Legal · DPDPA 2023

Privacy Policy

Last updated: May 2026 · Applies to all Avya Derm users in India

We wrote this in plain language. If something is unclear, email us at privacy@avyaderm.com and we will explain it.

1. Who we are

Avya Derm is a talent introduction platform for skin and hair professionals in India, built and operated by GamaQ (contact: privacy@avyaderm.com). We connect dermatology professionals with clinics — we are not a recruiter, staffing agency, or employer.

2. What we collect and why

We collect only what is needed to match you with the right clinic and send your profile on your behalf.

Data	Why we collect it
Full name, mobile number, email address	Account creation and OTP authentication
Profession, experience, city, salary expectation, work history answers	Building your professional profile for clinic matching
Language preference	Showing the app in your language
Application history	Tracking which clinics you have applied to

3. Who sees your data

Your profile (name, profession, experience, city, salary, phone, email) is shared only with clinics you explicitly apply to — when you tap "Apply Now" and confirm the preview. No clinic receives your information before that moment.

We do not sell, rent, or share your data with any third party for marketing purposes.

4. How long we keep it

Your account data is kept for as long as your account is active, plus two years after your last login.

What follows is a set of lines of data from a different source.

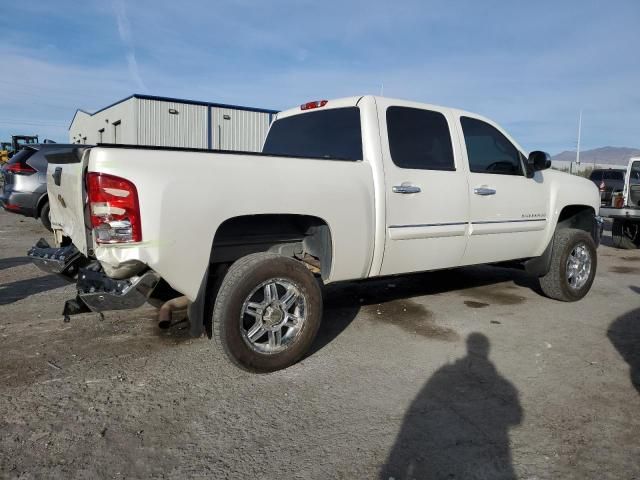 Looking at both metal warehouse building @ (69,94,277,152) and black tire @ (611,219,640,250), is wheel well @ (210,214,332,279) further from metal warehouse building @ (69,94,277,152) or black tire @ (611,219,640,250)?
metal warehouse building @ (69,94,277,152)

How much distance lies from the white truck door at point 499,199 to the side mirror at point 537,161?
0.24ft

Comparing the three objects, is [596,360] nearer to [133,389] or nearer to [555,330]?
[555,330]

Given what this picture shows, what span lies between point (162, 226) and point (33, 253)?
1.59 m

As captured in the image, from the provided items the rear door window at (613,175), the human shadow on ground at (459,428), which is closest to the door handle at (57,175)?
the human shadow on ground at (459,428)

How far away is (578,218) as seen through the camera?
6.32 metres

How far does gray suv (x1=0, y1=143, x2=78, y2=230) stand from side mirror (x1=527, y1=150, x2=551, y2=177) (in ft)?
28.1

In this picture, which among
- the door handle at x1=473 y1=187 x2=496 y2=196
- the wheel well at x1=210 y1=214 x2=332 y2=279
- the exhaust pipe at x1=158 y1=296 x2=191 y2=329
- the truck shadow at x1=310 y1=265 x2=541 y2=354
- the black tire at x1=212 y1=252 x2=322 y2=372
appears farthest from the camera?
the truck shadow at x1=310 y1=265 x2=541 y2=354

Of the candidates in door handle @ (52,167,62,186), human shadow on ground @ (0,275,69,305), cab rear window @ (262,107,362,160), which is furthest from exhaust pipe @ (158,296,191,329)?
human shadow on ground @ (0,275,69,305)

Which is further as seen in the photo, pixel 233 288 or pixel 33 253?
pixel 33 253

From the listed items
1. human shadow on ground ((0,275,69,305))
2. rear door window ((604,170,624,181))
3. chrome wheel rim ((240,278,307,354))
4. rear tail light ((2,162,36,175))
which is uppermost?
rear door window ((604,170,624,181))

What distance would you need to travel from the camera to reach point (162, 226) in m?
3.01

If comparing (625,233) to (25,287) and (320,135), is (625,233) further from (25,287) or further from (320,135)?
(25,287)

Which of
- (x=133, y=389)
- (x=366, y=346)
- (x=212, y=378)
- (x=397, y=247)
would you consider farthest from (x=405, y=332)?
(x=133, y=389)

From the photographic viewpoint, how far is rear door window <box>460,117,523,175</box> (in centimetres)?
492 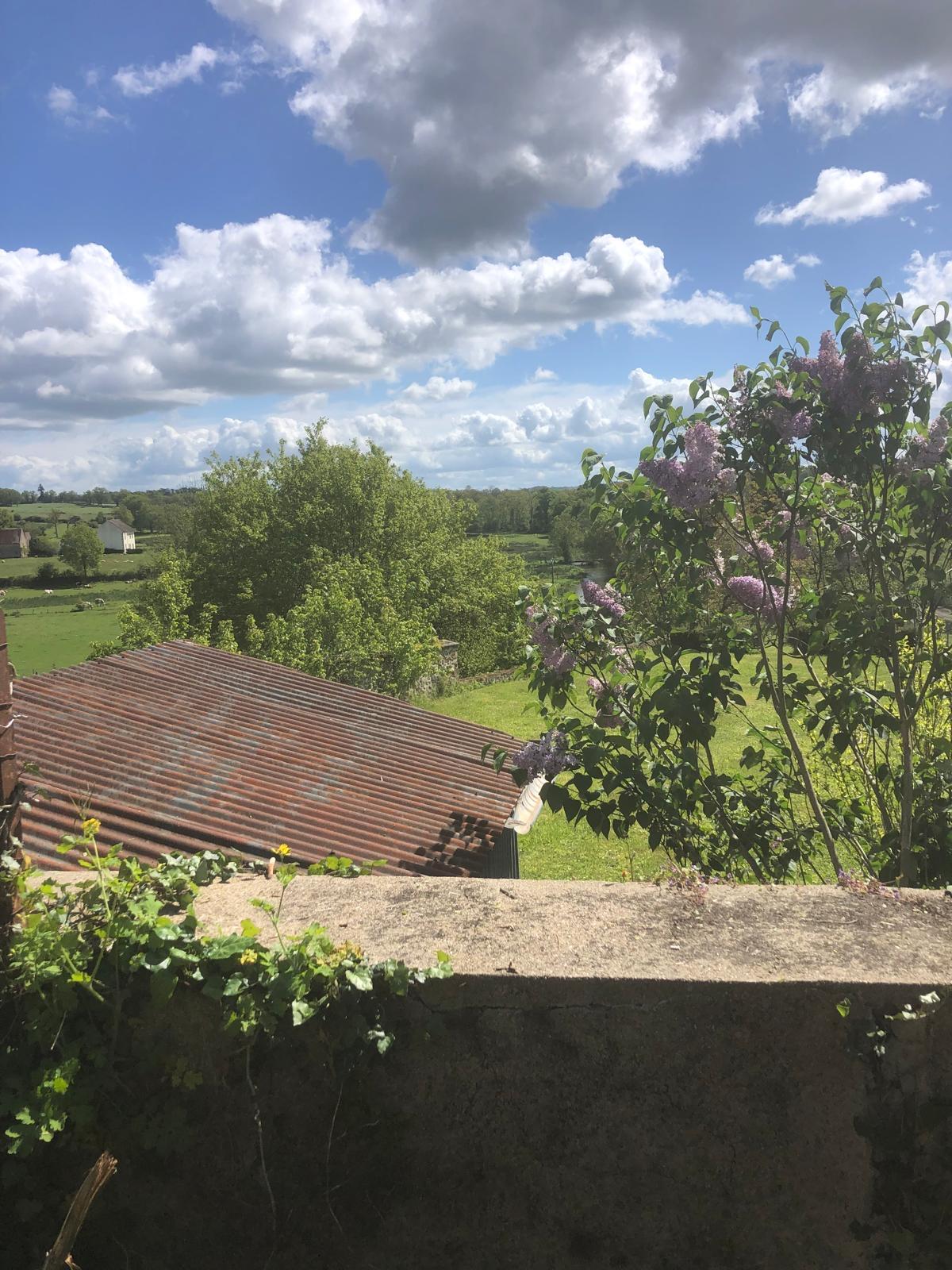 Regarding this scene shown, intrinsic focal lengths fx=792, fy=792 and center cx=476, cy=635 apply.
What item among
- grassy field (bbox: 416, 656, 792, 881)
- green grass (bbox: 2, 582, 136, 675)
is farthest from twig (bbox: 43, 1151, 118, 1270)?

Rate-limit records (used to prevent abuse) are automatically deleted after 24 hours.

You can request deletion at any time — see Section 6.

5. Cookies and tracking

Avya Derm does not use advertising cookies or cross-site tracking. We use only the cookies necessary to keep you logged in (Supabase session token, stored in an HttpOnly cookie).

We do not run Google Analytics, Facebook Pixel, or any third-party advertising scripts.

6. Your rights under DPDPA 2023

Under India's Digital Personal Data Protection Act 2023, you have the right to:

Access — ask us what personal data we hold about you
Correct — ask us to fix inaccurate information
Erase — ask us to delete your account and all associated data
Withdraw consent — stop us from processing your data at any time
Nominate — nominate someone to exercise these rights on your behalf

To exercise any right, email privacy@avyaderm.com with the subject line matching your request (e.g. "Data Deletion Request"). We will respond within 72 hours and complete the action within 15 days.

7. Data security

All data is stored in Supabase (hosted on AWS ap-south-1 — Mumbai). Row-level security ensures each candidate can only access their own data. All traffic is encrypted in transit (TLS 1.2+). OTP codes are short-lived (10 minutes) and one-time use.

8. Changes to this policy

If we make material changes to how we use your data, we will notify you by email at least 7 days before the change takes effect. The updated policy will always be available at avyaderm.com/privacy.

9. Contact

Data Controller: Avya Derm (operated by GamaQ)

Email: privacy@avyaderm.com

For grievances under DPDPA 2023, you may also contact our Grievance Officer at the same address.